Despite Pat Robertson’s astute observation that the destruction of 9-11 was due to God’s anger with liberals and fags, the majority seemed to think it had something to do with Arab terrorists and Iraq.
When God visited Hurricane Katrina upon the Gulf Coast to punish those who defied him by eating crawfish and playing jazz (NOT a joyful sound unto the Lord by a long shot) the lesson learned was not that God was in charge but that one Michael Brown was.
Now it looks like God is going to be kickin’ it, old school! Having jump-started a global conflict, he’s now dialing up the holy thermostat AND turning on the flood taps to boot. Looks like it’s going to be a 24/7 wrath-athon.

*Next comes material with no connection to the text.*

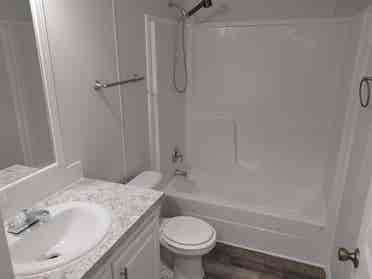 Brand New& Recently Renovation !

But what about the faithful, you ask? Well being faithful they’re all looking forward to the End Times. And whilst they are waiting they get to stare at a miraculous stain on the I-74 bridge support in Moline, Illinois. As one observer said “Too many things are happening in the world and people are losing their faith and that’s why she’s appearing [The Virgin Mary], she wants people to get their faith back.”
So, if YOU want to be saved from hell on earth just find yourself a stain, stare at it and after a while you won’t notice a thing.